Failure rate of electronic equipment depends on three factors
1. Complexity - Keep things simple, because what isn’t there can’t fail but, conversely, what isn’t there can cause a failure. A complicated or difficult specification will invariably result in reduced reliability. This is not due to the shortcomings of the design staff, but to the resultant component count. Every component used will contribute to the equipment's unreliability.
2. Stress - For electronic equipment, the most prominent stresses are temperature, voltage, vibration and temperature rise due to current. The effect of each of these stresses on each of the components must be considered. In order to achieve good power supply reliability, various derating factors have to be applied to these stress levels.

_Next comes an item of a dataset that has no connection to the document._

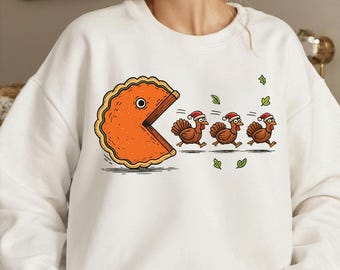 Retro Thanksgiving Pumpkin Pie Chasing Png, Funny Thanksgiving Turkey Png, Fall Vibes Png, Pumpkin Season Png, Turkey Day Shirt png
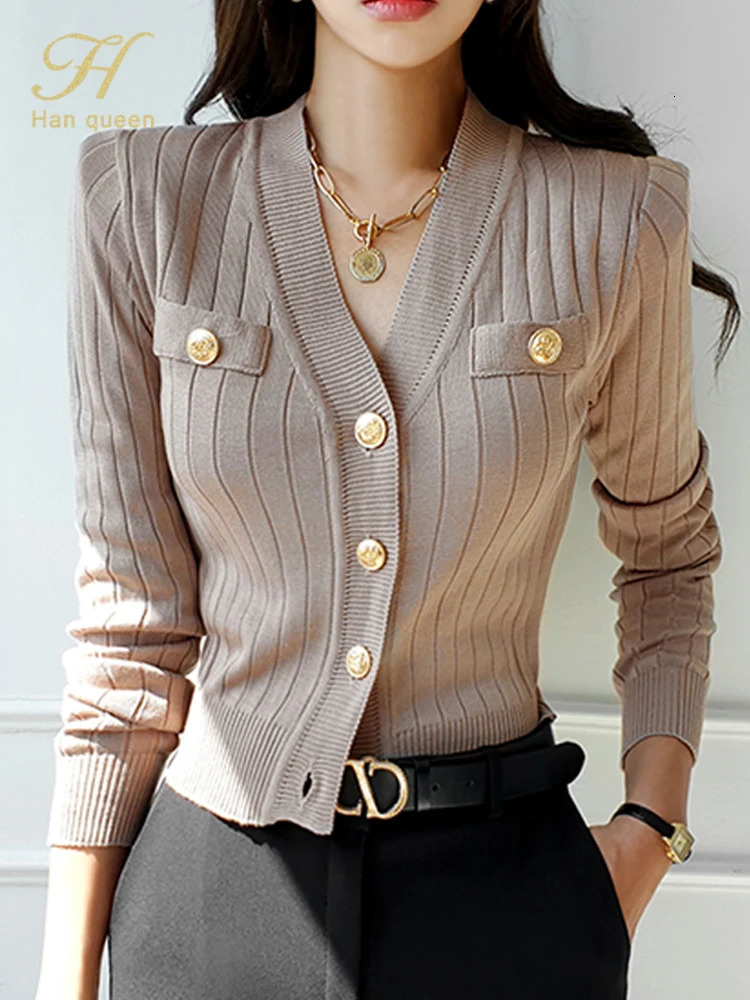 H Han Queen Korean Chic VNeck Knitted Cardigan Sweater For Women Casual Basic Long Sleeve Cardigans Autumn Vintage Sweaters Top 241010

The derating has to be traded off against cost and size implications. Great care and attention to detail is necessary to reduce thermal stresses as far as possible. The layout has to be such that heat-generating components are kept away from other components and are adequately cooled. Thermal barriers are used where necessary and adequate ventilation needs to be provided. The importance of these provisions cannot be overstressed since the failure rate of the components will double for a 10 ºC increase in temperature. Decreasing the size of a unit without increasing its efficiency will make it hotter, and therefore less reliable.
3. Generic - Generic reliability (also known as inherent reliability) refers to the fact that, for example, film capacitors are more reliable than electrolytic capacitors, wirewrap connections more reliable than soldered ones, fixed resistors more reliable than potentiometers. Components have to be carefully selected to avoid the types with high generic failure rates. Quite often there is a cost trade-off, as more reliable components can be more expensive.
Assessment is the most useful and accurate way of predicting the failure rate. A number of units are put on life test, at an elevated temperature, and so the stresses and the environment are controlled.